◆ REQUIREMENT ◆
Although the entries contain pictures, copy only their text, exactly as written.

◆ EXTRACTED MATERIAL ◆
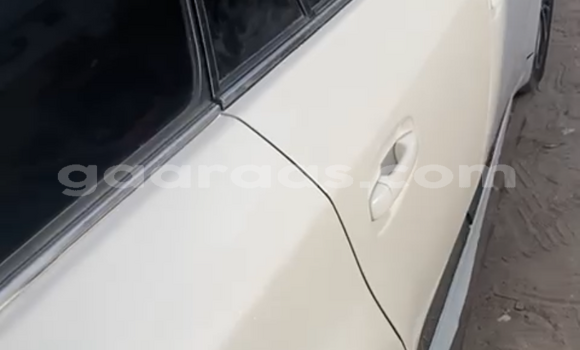 Buy Used Toyota Avensis White Car in Dakar in Dakar Buy Used Toyota Avensis White Car in Dakar in Dakar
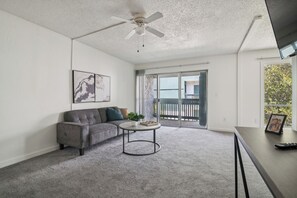 スマートテレビ、暖炉、書庫、書斎 / ワークスペース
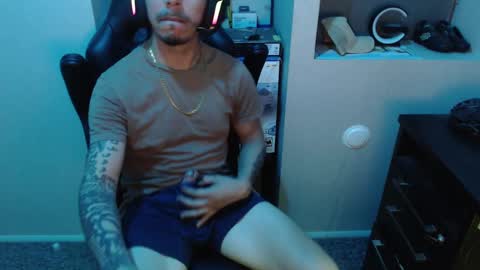 Snapshot of gefeeer chatting on 10/04/25, 03:15 gefeeer online show from 10/04/25, 03:15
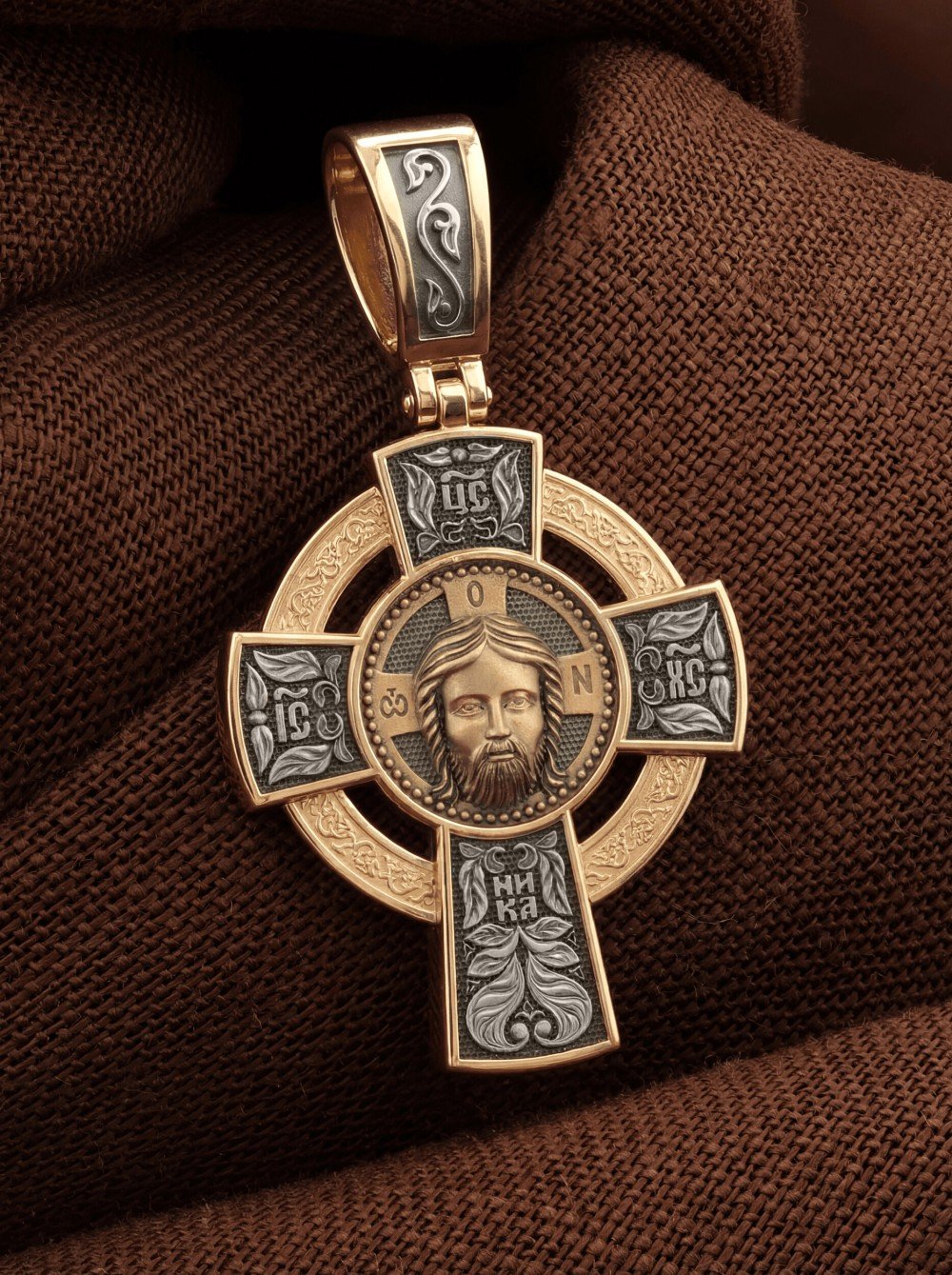 Крест из золота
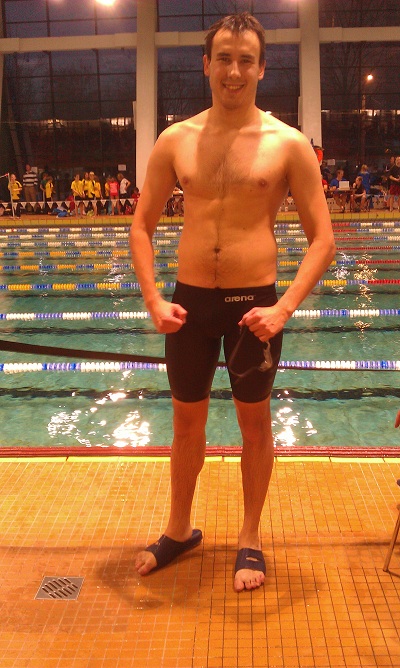 Rocky übt sich in der Siegerpose Rocky übt sich in der Siegerpose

◆ ANSWER TO THIS EXERCISE ◆
 Buy Used Toyota Avensis White Car in Dakar in Dakar Buy Used Toyota Avensis White Car in Dakar in Dakar
 スマートテレビ、暖炉、書庫、書斎 / ワークスペース
 Snapshot of gefeeer chatting on 10/04/25, 03:15 gefeeer online show from 10/04/25, 03:15
 Крест из золота
 Rocky übt sich in der Siegerpose Rocky übt sich in der Siegerpose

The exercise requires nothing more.